SRF (Sony RAW Format) é o formato proprietário de imagem RAW mais antigo usado pelas câmeras digitais da Sony, introduzido em 2003 com a Cyber-shot DSC-F828 é também usado pela compacta DSC-V3. Os arquivos SRF capturam a leitura não processada do sensor a 12 bits por canal, preservando os dados brutos do padrão Bayer do sensor CCD da câmera antes de qualquer demosaicizacao, balanco de branco ou processamento de compressão. A DSC-F828 era notavel por seu design exclusivo de sensor CCD de 4 cores RGBE (Vermelho, Verde, Azul, Esmeralda) — uma tentativa de capturar um gamut de cores mais amplo adicionando um quarto elemento de filtro de cor com deslocamento para ciano — é os arquivos SRF dessa câmera armazenam os dados brutos do mosaico de 4 cores necessários para aproveitar esse layout de sensor não convencional. O formato utiliza uma estrutura de container proprietária com tags de metadados específicas da Sony registrando parâmetros de exposicao, posicao da lente é configurações da câmera. O SRF foi sucedido pelo SR2 é depois pelo ARW conforme a Sony se expandiu para câmeras de lentes intercambiáveis com o sistema Alpha DSLR a partir de 2006. Uma vantagem é a captura de dados de tecnologia de sensor genuinamente inovadora — a matriz de filtro de 4 cores da DSC-F828 foi um experimento único no design de câmeras de consumo, e os arquivos SRF preservam os dados brutos de 4 canais que possibilitam exploracao do gamut de cores estendido que esse design de sensor pretendia fornecer, particularmente na porcao ciano-verde do espectro onde sensores Bayer padrão possuem lacunas. Apesar da obscuridade do formato, os arquivos SRF permanecem processaveis: o Adobe Câmera Raw, dcraw, LibRaw é RawTherapee todos suportam SRF, garantindo que esses primeiros arquivos RAW da Sony permanecem acessíveis para processamento moderno.
Desenvolvedor: Sony
Lançamento inicial: 2003
JBIG (Joint Bi-level Image experts Group) é um padrão de compressão de imagem sem perda (ITU-T T.82) publicado em 1993, desenvolvido por um comite de especialistas provenientes dos mesmos organismos de padronizacao internacionais que criaram o JPEG. Embora às extensões .jbig é .jbg se refiram ao mesmo padrão de compressão subjacente, .jbig é a forma mais explicita comumente usada em software que lida com o fluxo de dados comprimido JBIG bruto.
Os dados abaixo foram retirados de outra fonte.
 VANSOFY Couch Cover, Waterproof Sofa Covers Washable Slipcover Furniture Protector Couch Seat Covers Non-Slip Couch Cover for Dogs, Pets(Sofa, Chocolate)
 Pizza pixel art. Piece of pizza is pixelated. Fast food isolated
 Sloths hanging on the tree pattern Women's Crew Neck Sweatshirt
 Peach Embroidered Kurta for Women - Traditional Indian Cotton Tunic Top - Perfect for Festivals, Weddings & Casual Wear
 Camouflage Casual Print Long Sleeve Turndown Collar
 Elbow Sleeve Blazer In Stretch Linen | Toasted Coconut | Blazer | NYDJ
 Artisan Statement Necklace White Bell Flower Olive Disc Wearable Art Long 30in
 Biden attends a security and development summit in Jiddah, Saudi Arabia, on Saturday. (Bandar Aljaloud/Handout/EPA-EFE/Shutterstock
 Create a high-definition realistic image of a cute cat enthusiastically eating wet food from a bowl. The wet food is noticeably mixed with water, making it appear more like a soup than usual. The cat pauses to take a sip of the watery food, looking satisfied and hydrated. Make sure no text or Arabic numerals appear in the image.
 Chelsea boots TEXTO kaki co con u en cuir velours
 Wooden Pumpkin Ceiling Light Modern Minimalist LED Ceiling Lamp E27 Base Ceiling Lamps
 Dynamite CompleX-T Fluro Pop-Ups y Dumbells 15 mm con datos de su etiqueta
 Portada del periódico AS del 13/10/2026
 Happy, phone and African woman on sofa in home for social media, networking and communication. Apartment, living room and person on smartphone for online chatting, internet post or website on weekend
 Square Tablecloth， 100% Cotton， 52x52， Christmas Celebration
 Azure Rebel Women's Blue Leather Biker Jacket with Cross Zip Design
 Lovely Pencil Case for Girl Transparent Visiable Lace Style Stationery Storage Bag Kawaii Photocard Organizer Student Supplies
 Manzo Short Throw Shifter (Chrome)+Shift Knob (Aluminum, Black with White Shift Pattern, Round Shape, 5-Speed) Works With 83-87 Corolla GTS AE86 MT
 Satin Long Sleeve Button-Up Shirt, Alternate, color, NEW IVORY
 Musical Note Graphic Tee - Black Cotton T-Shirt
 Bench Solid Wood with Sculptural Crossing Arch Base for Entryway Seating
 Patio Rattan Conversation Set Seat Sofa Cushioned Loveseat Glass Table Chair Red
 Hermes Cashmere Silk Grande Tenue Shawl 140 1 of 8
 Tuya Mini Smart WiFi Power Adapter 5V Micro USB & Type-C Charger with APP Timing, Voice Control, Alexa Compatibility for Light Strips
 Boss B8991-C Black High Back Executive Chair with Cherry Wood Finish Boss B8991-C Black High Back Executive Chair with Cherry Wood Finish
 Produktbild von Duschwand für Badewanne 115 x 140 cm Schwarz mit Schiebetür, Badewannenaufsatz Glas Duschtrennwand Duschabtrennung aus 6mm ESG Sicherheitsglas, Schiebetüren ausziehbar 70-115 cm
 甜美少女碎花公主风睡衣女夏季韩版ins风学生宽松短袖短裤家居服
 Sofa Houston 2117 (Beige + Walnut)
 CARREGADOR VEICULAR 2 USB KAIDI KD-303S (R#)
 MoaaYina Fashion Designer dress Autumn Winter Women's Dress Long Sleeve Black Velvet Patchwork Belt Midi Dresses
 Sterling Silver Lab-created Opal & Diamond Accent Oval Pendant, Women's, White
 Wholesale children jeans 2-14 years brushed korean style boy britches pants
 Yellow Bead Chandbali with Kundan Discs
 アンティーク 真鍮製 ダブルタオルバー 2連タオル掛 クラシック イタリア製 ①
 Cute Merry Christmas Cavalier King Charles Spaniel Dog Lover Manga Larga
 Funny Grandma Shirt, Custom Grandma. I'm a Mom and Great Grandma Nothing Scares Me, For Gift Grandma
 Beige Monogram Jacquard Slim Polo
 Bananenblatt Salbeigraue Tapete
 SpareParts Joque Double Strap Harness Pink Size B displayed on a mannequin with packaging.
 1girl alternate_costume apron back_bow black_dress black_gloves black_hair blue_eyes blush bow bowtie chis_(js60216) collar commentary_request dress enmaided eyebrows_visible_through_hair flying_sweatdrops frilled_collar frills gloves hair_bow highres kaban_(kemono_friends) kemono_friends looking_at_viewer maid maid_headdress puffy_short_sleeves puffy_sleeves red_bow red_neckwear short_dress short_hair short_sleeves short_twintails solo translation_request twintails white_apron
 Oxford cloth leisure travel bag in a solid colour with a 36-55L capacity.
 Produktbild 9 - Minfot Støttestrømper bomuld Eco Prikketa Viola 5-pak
O algoritmo de compressão se centra na codificação aritmetica dependente de contexto: antes de codificar cada pixel, o codificador examina um modelo configurável de 10 a 16 pixels proximos (uma mistura de vizinhos das linhas atual é anterior) para determinar um contexto — uma entre milhares de configurações possíveis de pixels locais. Cada contexto mantém sua própria estimativa de probabilidade adaptativa que é continuamente atualizada conforme a codificação prossegue, permitindo que o codificador explore os padrões estatisticos únicos de cada região da imagem. Essa abordagem lida com texto, arte de linha, fotografias reticuladas é páginas de conteúdo misto com um único algoritmo, alcançando compressão consistentemente melhor que às tabelas Huffman fixas do Grupo 3 ou o modelo de predicao mais simples do Grupo 4. Uma revisão posterior, JBIG2 (T.88), adicionou correspondencia de padrões é modos com perda para compressão ainda maior, mas o JBIG original permanece amplamente implantado. Uma vantagem é a adaptatividade do algoritmo: diferente dos codecs Grupo 3/4 que usam modelos estatisticos fixos, o JBIG aprende continuamente às características de cada imagem específica conforme codifica, fornecendo compressão quase ótima em tipos de conteúdo amplamente variados. O padrão é incorporado em muitas impressoras multifuncionais é scanners de documentos para tratamento interno de imagens. Arquivos JBIG são processaveis por ImageMagick, jbigkit é sistemas empresariais de imagem de documentos.